▶ _Work order_
Below, find the line containing "Red Pale Blue Drop Dangler Earrings" and the line containing "Area Rugs Non-Slip"; reproduce exactly those two and every line between them, omitting pictures.

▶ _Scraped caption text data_
▼

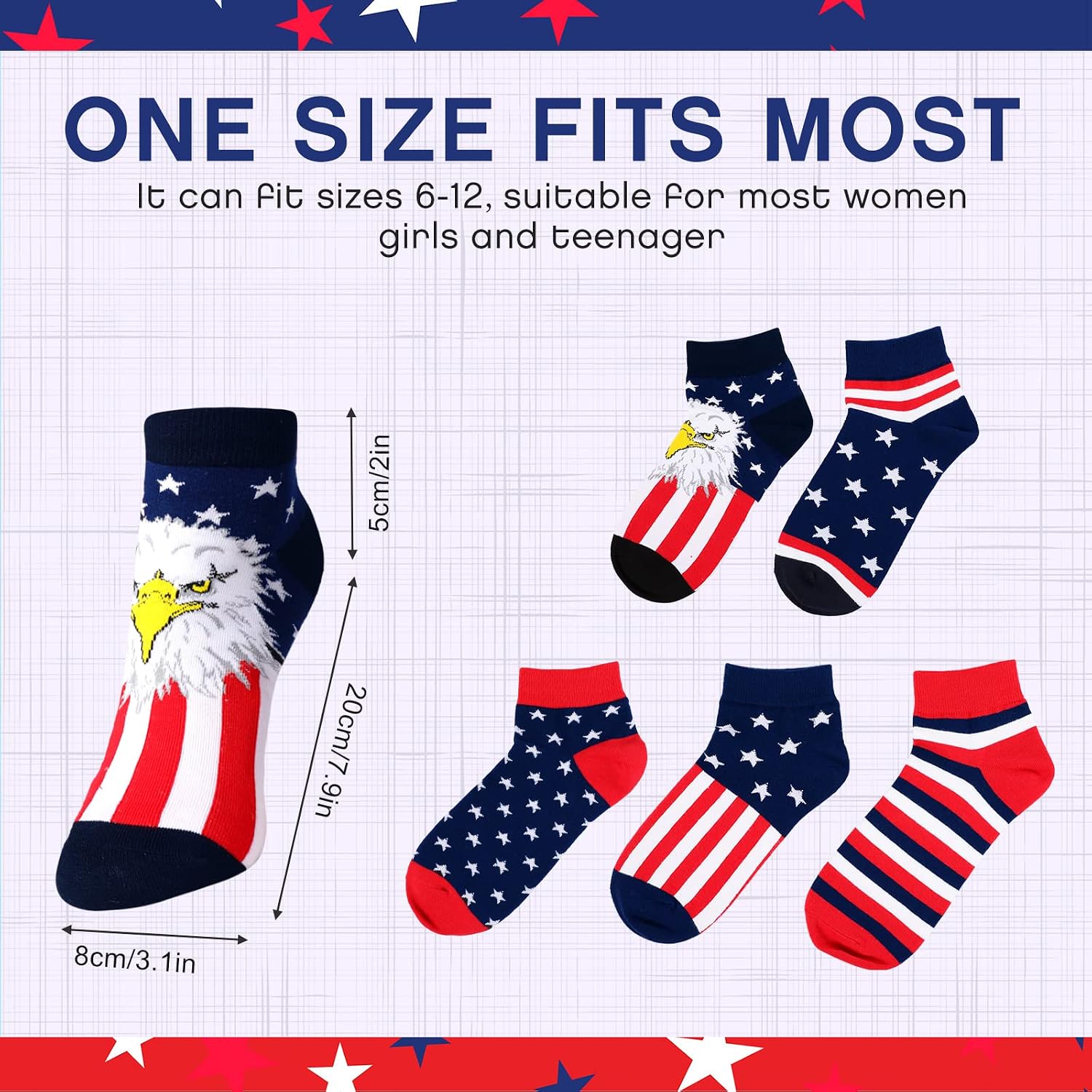 Vicenpal 5 Pairs Unisex American Flag Socks USA Stars Striped Patriotic Low Lightweight Cotton Novelty Low Cut Ankle Dress Socks Gifts for Christmas Teen Girl Men Women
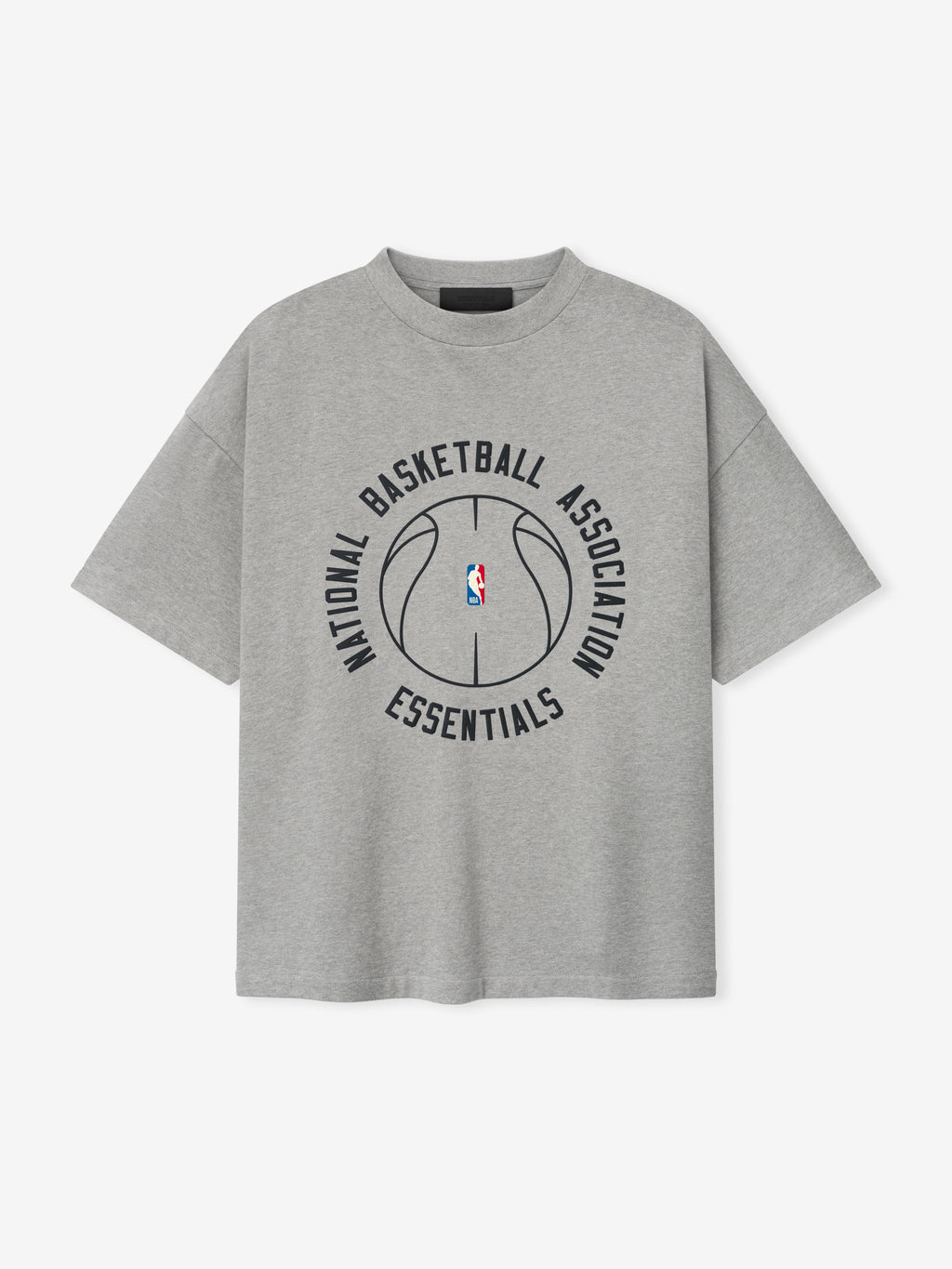 grey heavy cotton jersey oversized tee with circular basketball graphic and NBA Essentials text on front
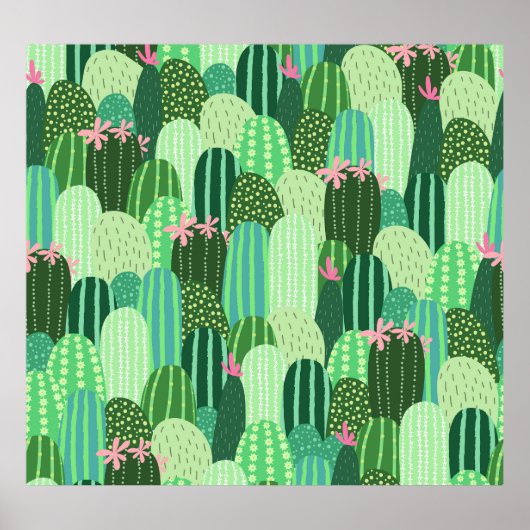 サボリカラフルスシームレスパターンイラストレーション ポスター (正面)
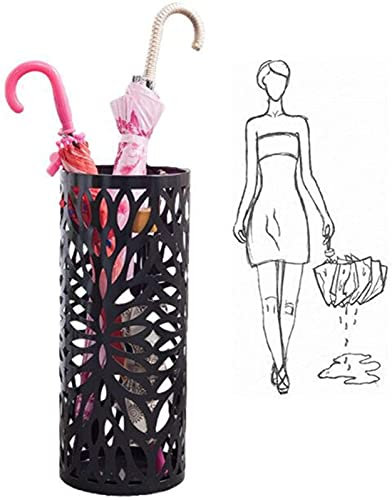 ZKHD Umbrella Stand for Hallway Cast Iron Metal Umbrella Rack With 3 Hooks Cylindrical Umbrella Holder Decoration for Corridors,entryway,living Rooms,Black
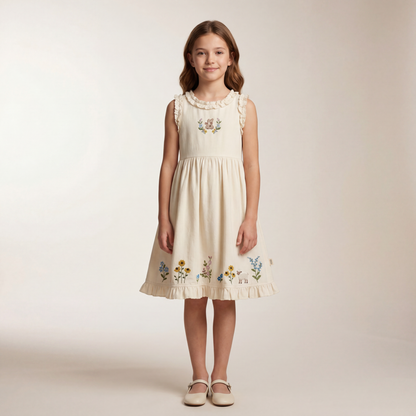 Girls Cream Floral Embroidered Sleeveless Dress
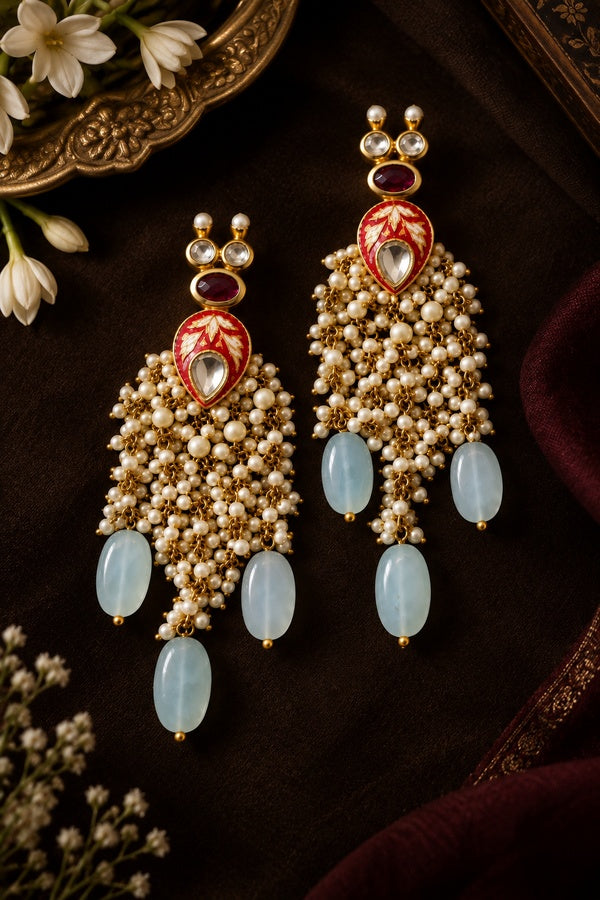 Red Pale Blue Drop Dangler Earrings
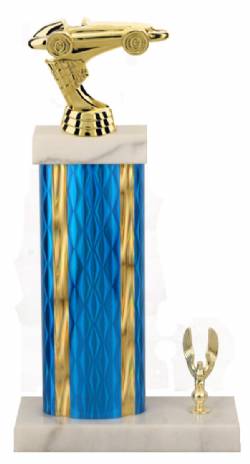 Racing Trophy - Asian Marble Base - Diamond - Blue/Gold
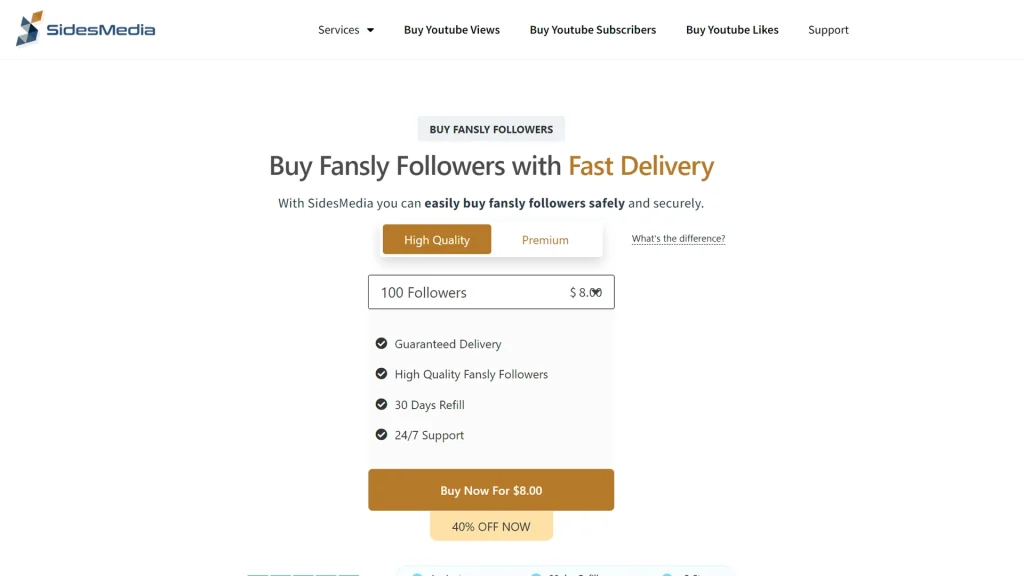 How to Buy Fansly Followers SidesMedia page offering options to buy Fansly followers.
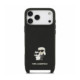 Juodas dėklas Apple iPhone 18 Pro Max telefonui "Karl Lagerfeld Saffiano Crossbody Strap Karl and Choupette Case"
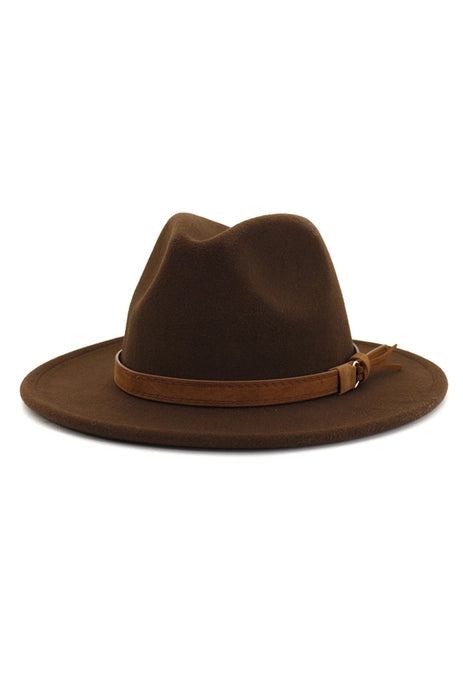 Retro Flat Brim Panama Hat with Leather Belt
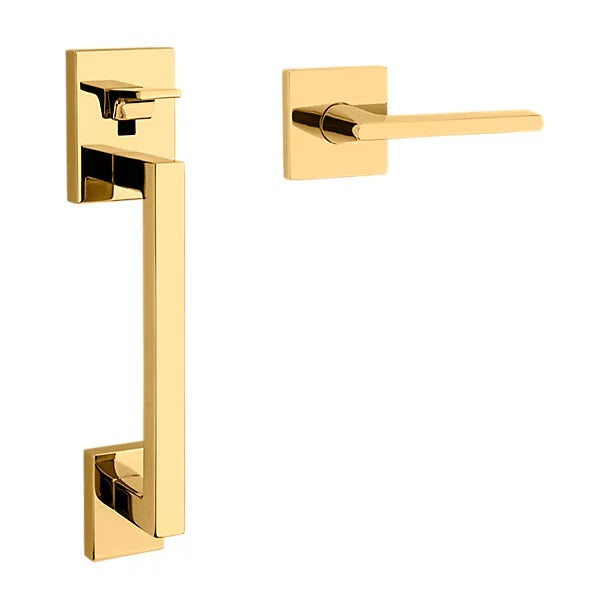 Baldwin Estate Minneapolis Lower Half Handleset with Interior Left Handed 5162 Lever in Lifetime Polished Brass finish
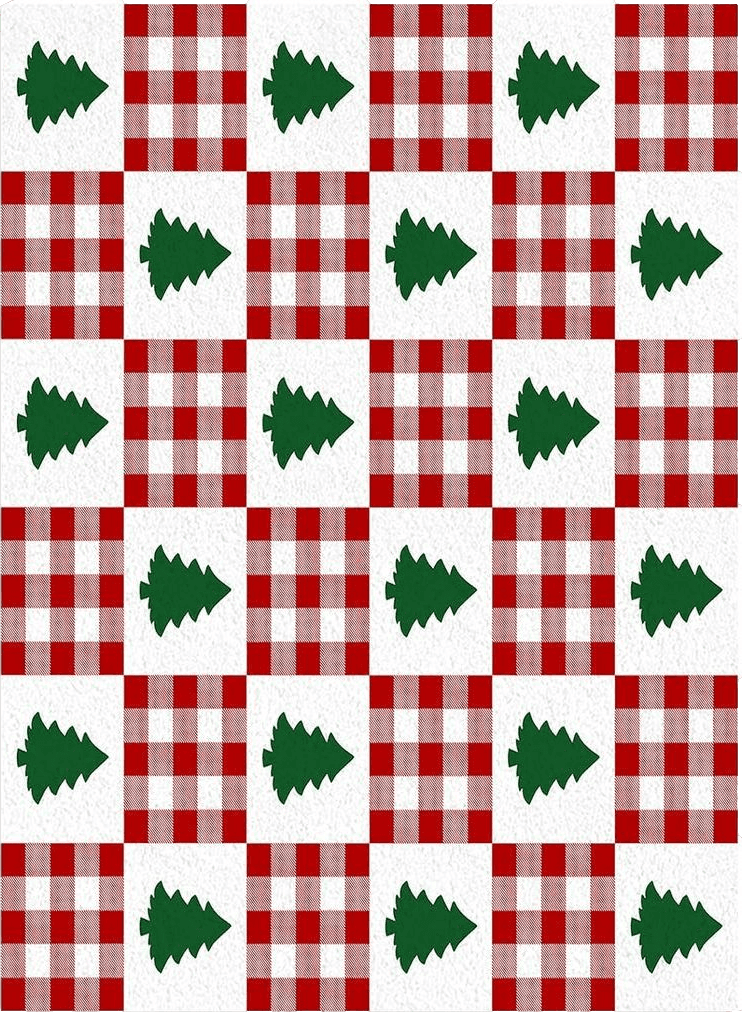 Area Rugs Non-Slip Washable Rug Green Christmas Tree and Red Plaid Indoor Rug Rubber Backing Floor Mats Home Decor Carpet for Living Room Dining Room Non Shedding 2x3 Ft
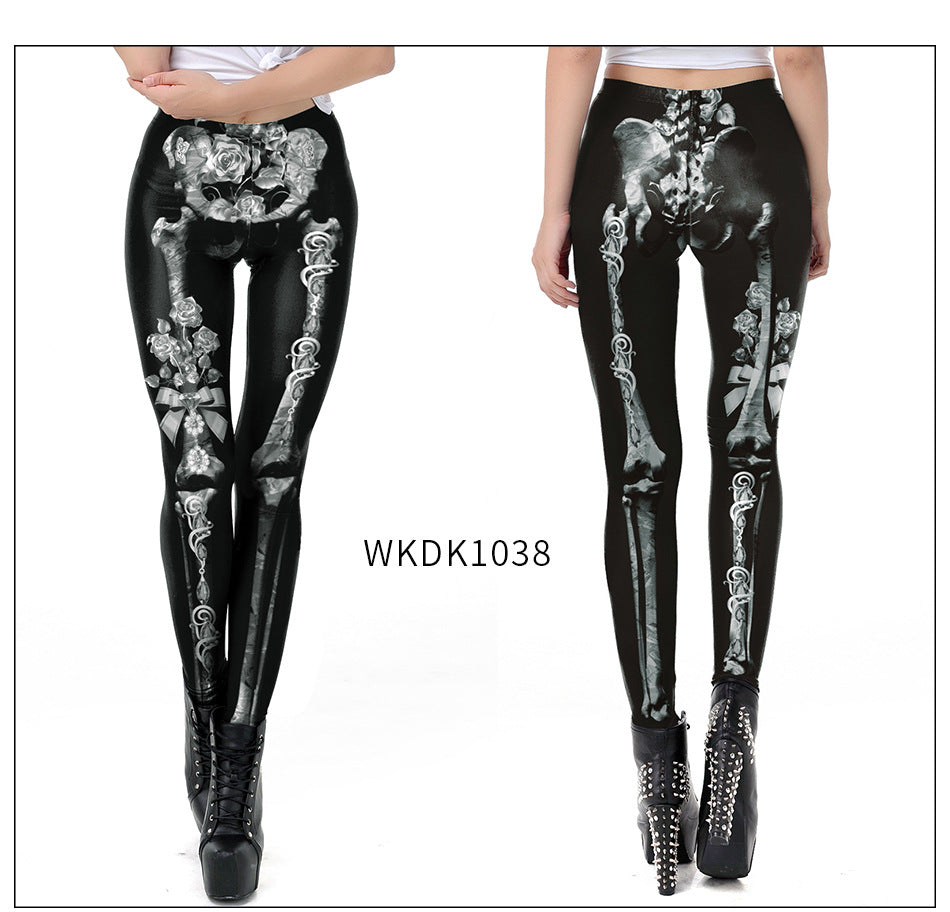 Halloween Pumpkin/Human Skeleton Print Elastic Leggings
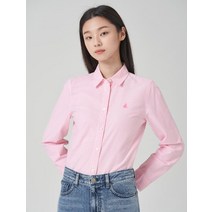 BEAN POLE 옥스포드 스트라이프 레귤러핏 셔츠 핑크
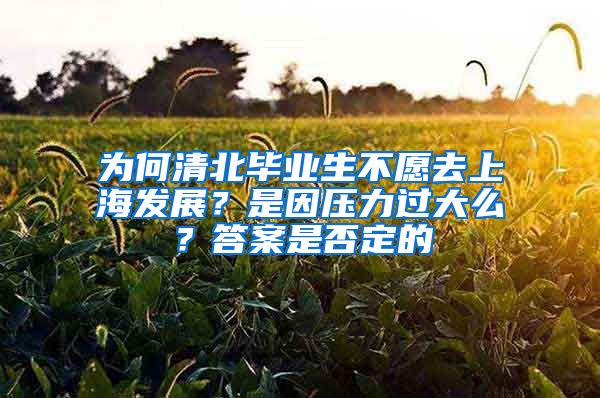 为何清北毕业生不愿去上海发展？是因压力过大么？答案是否定的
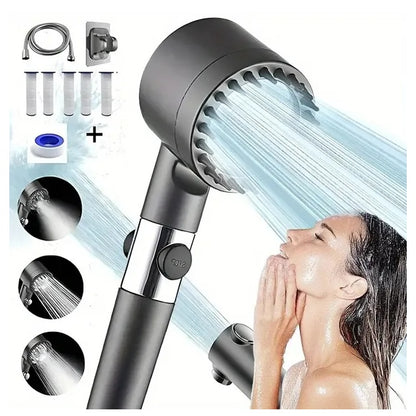 US Local Shower Head, High Pressure Flow Multiple Modes, 5 Layers Filter, Hard Water Power Rinse, With Switch, Suitable For Pet Bathing, Vertical Shower, White Turbo Shower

▲

▶ _Response box_
 Red Pale Blue Drop Dangler Earrings
 Racing Trophy - Asian Marble Base - Diamond - Blue/Gold
 How to Buy Fansly Followers SidesMedia page offering options to buy Fansly followers.
 Juodas dėklas Apple iPhone 18 Pro Max telefonui "Karl Lagerfeld Saffiano Crossbody Strap Karl and Choupette Case"
 Retro Flat Brim Panama Hat with Leather Belt
 Baldwin Estate Minneapolis Lower Half Handleset with Interior Left Handed 5162 Lever in Lifetime Polished Brass finish
 Area Rugs Non-Slip Washable Rug Green Christmas Tree and Red Plaid Indoor Rug Rubber Backing Floor Mats Home Decor Carpet for Living Room Dining Room Non Shedding 2x3 Ft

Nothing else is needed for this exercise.